** WHAT YOU WILL DO **
Write out exactly the lines that run from the one containing "this 1000×667 image." to the end of the entries below, with both end lines included.

** SUPPLIED MATERIAL **

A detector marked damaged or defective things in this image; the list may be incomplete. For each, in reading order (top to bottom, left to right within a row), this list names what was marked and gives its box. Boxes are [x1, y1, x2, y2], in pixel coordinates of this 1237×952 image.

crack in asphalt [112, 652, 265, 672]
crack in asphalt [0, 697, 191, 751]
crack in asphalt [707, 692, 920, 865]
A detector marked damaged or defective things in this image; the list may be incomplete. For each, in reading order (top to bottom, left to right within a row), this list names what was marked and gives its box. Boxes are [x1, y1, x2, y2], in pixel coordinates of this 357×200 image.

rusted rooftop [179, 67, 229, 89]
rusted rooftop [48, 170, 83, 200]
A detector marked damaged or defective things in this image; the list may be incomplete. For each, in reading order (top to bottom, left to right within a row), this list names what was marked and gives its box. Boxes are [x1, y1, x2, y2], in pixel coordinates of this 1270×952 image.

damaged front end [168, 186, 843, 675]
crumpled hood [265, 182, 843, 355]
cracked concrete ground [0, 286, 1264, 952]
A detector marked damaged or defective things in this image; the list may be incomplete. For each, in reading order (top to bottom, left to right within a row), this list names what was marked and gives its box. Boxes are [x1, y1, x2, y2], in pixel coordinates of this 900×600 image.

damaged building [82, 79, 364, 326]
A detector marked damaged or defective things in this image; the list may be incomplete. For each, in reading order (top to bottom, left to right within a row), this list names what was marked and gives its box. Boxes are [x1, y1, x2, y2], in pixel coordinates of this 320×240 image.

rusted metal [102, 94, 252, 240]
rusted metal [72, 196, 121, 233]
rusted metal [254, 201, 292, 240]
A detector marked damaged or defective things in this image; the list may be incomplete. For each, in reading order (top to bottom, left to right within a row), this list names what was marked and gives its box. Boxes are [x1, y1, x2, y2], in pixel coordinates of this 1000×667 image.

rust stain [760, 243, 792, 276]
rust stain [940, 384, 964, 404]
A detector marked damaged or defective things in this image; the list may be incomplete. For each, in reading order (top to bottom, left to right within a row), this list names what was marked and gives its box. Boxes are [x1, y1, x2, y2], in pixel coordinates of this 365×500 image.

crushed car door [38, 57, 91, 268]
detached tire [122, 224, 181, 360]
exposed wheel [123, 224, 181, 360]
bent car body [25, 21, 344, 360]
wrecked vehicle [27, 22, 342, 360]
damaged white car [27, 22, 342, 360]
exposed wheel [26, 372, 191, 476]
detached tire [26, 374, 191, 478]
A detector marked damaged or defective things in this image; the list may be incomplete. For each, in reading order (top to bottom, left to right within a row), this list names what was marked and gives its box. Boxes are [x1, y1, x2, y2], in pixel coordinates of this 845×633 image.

** TASK SOLUTION **
A detector marked damaged or defective things in this image; the list may be incomplete. For each, in reading order (top to bottom, left to right within a row), this list names what was marked and gives its box. Boxes are [x1, y1, x2, y2], in pixel coordinates of this 1000×667 image.

rust stain [760, 243, 792, 276]
rust stain [940, 384, 964, 404]
A detector marked damaged or defective things in this image; the list may be incomplete. For each, in reading order (top to bottom, left to right within a row), this list names what was marked and gives its box. Boxes are [x1, y1, x2, y2], in pixel coordinates of this 365×500 image.

crushed car door [38, 57, 91, 268]
detached tire [122, 224, 181, 360]
exposed wheel [123, 224, 181, 360]
bent car body [25, 21, 344, 360]
wrecked vehicle [27, 22, 342, 360]
damaged white car [27, 22, 342, 360]
exposed wheel [26, 372, 191, 476]
detached tire [26, 374, 191, 478]
A detector marked damaged or defective things in this image; the list may be incomplete. For each, in reading order (top to bottom, left to right within a row), this list names what was marked and gives its box. Boxes are [x1, y1, x2, y2], in pixel coordinates of this 845×633 image.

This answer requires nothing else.